===== Records for the exercise =====

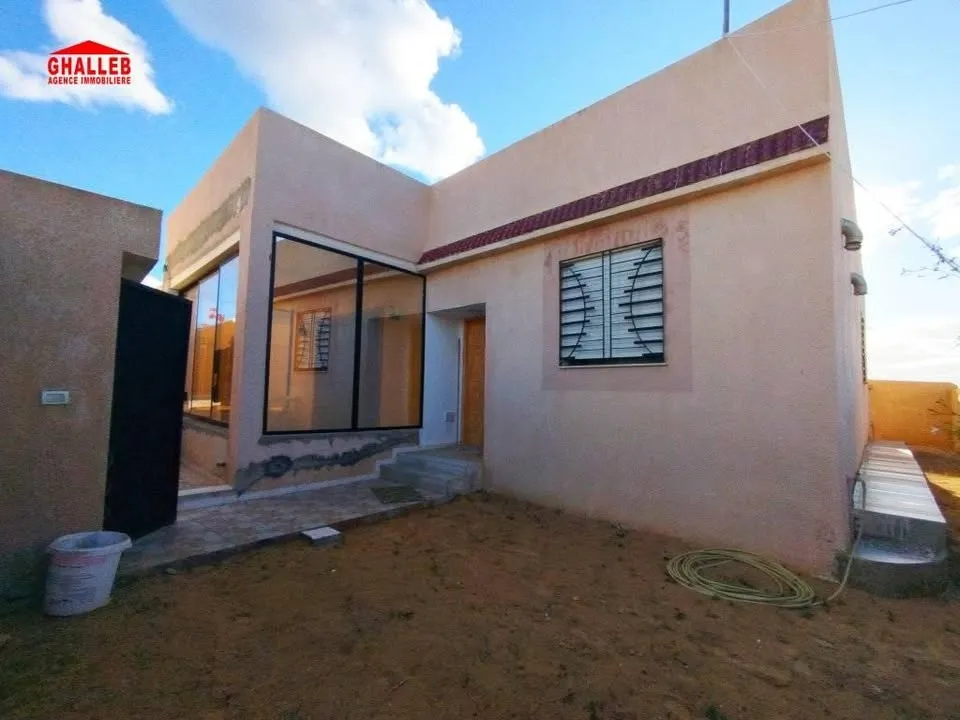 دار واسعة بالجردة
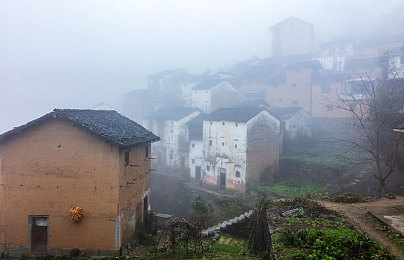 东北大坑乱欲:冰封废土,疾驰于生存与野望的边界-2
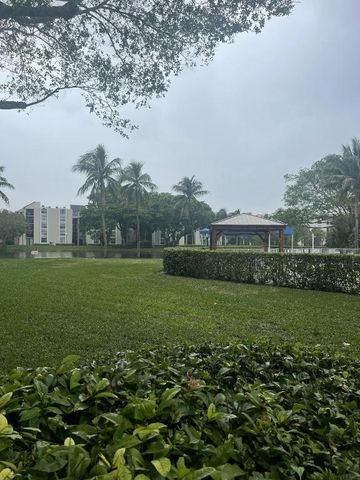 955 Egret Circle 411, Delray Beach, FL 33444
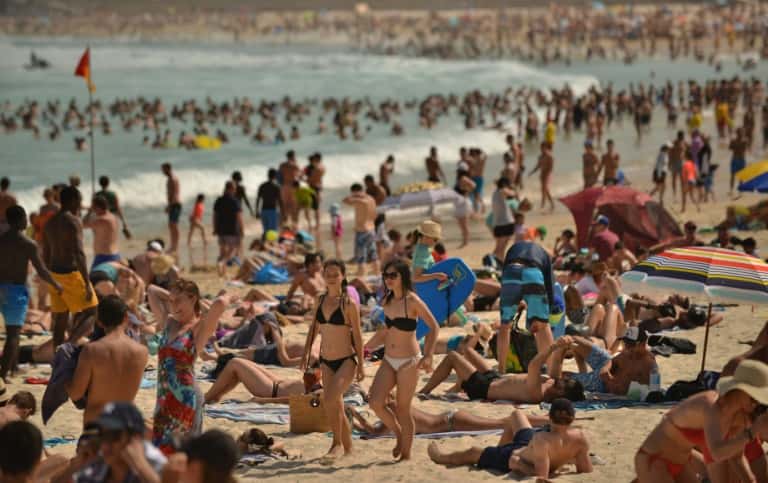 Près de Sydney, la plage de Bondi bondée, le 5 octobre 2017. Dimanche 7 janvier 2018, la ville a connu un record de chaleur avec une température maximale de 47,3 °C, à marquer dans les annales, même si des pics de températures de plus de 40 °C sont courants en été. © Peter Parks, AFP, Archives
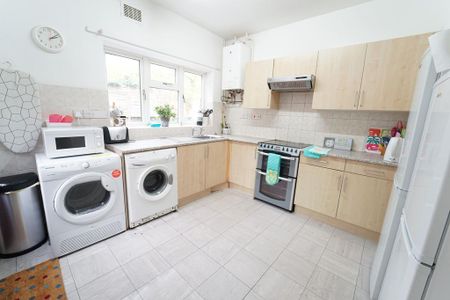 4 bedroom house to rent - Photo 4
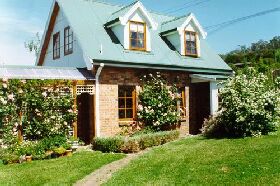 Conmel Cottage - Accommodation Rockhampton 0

=====

● Problem description:
Nothing is needed beyond an exact transcription of the lines from the one containing "955 Egret Circle 411, Delray Beach, FL 33444" to the end of the entries above, with the pictures omitted.

● Finished task:
 955 Egret Circle 411, Delray Beach, FL 33444
 Près de Sydney, la plage de Bondi bondée, le 5 octobre 2017. Dimanche 7 janvier 2018, la ville a connu un record de chaleur avec une température maximale de 47,3 °C, à marquer dans les annales, même si des pics de températures de plus de 40 °C sont courants en été. © Peter Parks, AFP, Archives
 4 bedroom house to rent - Photo 4
 Conmel Cottage - Accommodation Rockhampton 0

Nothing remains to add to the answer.